Centers need more PAs and NPs certified to administer Medication-Assisted Treatment for Opioid Addiction
News reports about the opioid crisis seem to appear daily. Clinicians, public health advocates and finally, the public are aware of the tragedies that are occurring regularly—deaths from opioid pain relievers and street drugs such as heroin and/or fentanyl. Per the U.S. Department of Health and Human Services in 2016, there were 116 deaths each day from opioid drug overdoses and 2.1 million people were struggling with opioid use disorder.
Opioid deaths are ruining towns such as tiny Madison, Indiana where many young residents have died of overdoses or from suicide related to drug dependency as described in the New York Times article Suicide, Drugs, and High School Football. There is no single reason for this epidemic and no population group goes unscathed – overdoses are not only affecting health professionals but other community workers, even librarians. Communities are broadly and tragically affected.
PAs & NPs Are Now Empowered to Provide Medication-Assisted Treatment for Opioid Abuse
Medical doctors have been able to prescribe three medications (methadone, naltrexone, and buprenorphine) which can help stem the withdrawal symptoms of persons addicted to opioids. More recently, Physician Assistant (PAs) and Nurse Practitioners (NPs) have been given the ability to administer treatment– the Medication-Assisted Treatment (MAT) approach. The passage of the Comprehensive Addiction and Recovery Act (CARA) of 2016 enabled PAs and NPs to obtain a waiver permitting them to prescribe buprenorphine for substance abuse treatment services (SAMHSA waiver guidelines). Typically, the prescribing of buprenorphine is for the control of pain. The waiver allows for the medicine to be prescribed in concert with counseling to assist those with opioid dependency. To be eligible for the waiver, PAs and NPs need to complete 24 hours of training on topics related to prescribing buprenorphine such as the neurobiology of addiction and pharmacology of the three medicines.
Unfortunately, few practitioners have completed the course work for the waiver. Perhaps they are not aware it is available. Most of the trained PAs and NPs (as well as MDs) reside and work in urban areas; rural parts of the country, where much of the opioid crisis has occurred, are without DATA-waived providers who could help. Dr. Andrew Kolodny, director of opioid policy research at Brandeis University, recently told the New York Times “We already have an effective treatment that people aren’t getting access to. The primary challenge is getting it to people.”

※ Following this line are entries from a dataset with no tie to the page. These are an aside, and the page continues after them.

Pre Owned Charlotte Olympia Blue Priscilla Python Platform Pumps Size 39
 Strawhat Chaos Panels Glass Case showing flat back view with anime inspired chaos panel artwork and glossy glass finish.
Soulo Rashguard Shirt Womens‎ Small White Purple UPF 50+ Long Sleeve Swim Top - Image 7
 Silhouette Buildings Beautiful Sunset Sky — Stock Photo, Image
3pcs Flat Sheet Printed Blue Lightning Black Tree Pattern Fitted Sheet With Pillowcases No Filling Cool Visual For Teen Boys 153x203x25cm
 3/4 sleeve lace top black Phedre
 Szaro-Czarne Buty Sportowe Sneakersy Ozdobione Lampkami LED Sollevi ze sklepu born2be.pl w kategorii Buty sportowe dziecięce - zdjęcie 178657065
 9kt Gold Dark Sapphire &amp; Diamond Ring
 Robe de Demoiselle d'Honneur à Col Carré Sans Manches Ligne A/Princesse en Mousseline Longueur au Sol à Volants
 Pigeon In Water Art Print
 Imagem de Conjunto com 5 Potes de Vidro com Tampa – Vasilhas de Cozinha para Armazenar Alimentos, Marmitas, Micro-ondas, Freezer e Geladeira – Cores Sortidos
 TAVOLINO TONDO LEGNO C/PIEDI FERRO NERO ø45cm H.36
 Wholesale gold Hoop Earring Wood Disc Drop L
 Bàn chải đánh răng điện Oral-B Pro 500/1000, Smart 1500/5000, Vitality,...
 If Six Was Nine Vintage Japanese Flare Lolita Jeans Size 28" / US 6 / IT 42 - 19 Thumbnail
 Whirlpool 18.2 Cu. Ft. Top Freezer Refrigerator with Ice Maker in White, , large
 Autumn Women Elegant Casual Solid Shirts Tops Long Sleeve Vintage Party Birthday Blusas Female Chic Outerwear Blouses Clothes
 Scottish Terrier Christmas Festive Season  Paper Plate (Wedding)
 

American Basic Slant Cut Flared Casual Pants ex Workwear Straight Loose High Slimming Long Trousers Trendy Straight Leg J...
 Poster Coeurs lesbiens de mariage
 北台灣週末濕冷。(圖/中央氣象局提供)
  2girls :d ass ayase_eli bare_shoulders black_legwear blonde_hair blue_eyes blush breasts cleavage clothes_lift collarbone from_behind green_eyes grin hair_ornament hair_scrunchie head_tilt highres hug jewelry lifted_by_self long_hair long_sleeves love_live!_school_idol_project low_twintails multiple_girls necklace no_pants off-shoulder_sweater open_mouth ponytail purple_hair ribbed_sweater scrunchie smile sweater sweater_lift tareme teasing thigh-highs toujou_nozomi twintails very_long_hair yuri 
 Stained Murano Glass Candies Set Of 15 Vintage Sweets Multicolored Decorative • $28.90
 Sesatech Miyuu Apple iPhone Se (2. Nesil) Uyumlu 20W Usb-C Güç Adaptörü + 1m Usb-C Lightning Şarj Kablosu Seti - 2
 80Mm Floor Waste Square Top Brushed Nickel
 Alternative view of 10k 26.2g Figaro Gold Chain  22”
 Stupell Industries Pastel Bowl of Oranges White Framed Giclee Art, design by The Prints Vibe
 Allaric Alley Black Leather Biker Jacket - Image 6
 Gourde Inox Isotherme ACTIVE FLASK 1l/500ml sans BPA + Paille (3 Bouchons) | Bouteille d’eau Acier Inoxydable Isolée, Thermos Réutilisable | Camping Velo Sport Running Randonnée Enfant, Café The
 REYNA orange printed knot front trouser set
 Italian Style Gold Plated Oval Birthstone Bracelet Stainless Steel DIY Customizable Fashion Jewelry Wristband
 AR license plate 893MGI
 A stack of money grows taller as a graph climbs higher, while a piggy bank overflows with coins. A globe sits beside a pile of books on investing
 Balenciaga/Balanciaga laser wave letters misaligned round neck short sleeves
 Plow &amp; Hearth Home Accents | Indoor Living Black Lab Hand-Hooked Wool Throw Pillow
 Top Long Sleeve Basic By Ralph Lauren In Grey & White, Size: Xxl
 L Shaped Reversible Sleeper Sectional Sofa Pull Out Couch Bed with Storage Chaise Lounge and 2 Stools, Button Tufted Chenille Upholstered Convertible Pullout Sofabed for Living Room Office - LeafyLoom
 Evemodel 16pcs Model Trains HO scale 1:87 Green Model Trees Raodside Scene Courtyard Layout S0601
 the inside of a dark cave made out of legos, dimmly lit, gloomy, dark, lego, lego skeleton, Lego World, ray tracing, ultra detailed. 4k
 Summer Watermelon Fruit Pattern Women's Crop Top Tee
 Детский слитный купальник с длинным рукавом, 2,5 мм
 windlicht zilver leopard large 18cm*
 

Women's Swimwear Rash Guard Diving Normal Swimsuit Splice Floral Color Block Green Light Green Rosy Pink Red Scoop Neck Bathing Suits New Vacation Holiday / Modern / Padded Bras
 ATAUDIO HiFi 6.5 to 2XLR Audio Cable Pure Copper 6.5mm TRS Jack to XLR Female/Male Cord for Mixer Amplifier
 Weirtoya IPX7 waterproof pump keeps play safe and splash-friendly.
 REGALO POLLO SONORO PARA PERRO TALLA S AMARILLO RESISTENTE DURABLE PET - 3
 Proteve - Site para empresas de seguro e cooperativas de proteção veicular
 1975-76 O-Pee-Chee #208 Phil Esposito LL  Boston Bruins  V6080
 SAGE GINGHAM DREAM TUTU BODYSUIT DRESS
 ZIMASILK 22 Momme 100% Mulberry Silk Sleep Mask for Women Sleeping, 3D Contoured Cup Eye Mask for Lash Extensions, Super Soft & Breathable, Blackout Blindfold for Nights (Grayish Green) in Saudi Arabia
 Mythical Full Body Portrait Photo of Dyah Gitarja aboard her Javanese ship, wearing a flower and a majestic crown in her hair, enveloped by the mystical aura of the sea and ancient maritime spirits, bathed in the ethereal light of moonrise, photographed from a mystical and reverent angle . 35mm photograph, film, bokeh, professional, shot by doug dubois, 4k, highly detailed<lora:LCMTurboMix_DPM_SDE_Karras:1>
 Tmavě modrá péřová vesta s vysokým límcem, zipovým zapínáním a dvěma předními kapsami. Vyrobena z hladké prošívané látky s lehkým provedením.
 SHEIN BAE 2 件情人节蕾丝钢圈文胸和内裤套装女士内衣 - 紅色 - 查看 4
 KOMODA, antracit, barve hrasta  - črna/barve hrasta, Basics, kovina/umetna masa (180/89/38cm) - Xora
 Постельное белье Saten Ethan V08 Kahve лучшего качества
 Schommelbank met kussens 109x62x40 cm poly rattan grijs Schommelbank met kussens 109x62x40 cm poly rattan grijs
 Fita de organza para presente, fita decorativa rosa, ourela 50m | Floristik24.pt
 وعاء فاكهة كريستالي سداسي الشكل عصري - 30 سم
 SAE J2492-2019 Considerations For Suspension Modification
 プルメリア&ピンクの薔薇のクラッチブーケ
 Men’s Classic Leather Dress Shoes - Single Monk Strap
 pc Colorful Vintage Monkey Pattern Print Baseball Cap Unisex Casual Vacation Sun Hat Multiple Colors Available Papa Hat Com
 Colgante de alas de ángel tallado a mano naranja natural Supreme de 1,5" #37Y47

PAs and NPs in Rural Community Health Centers Are a Critical Resource for Fighting the Opioid Crisis
Help for persons with Opioid Use Disorder (OUD) living in rural regions must become widely available at Federally-funded Community Health Centers. This past summer the Health Resource Services Administration (HRSA) announced grant awards specifically to counter the opioid problem. Last month health center funding for 2018 and 2019 was approved by Congress – centers typically receive bipartisan support.
PAs and NPs routinely staff health centers and in many rural centers are the sole primary care providers. If PAs and NPs working in rural centers take the time to review the 24-hour addictive medicine training module and obtain the DATA waiver, thousands more people with OUD will be able to get much-needed treatment. Still, according to the American Association of Physician Assistants, there remain many state-level barriers that limit or prevent PAs and NPs from prescribing the medications used in Medication-Assisted Treatment of OUD. If federal and state health organizations commit to prioritizing the training of PAs/NPs as OUD treatment professionals and states empower them to administer MAT we will begin to gain some control over this epidemic.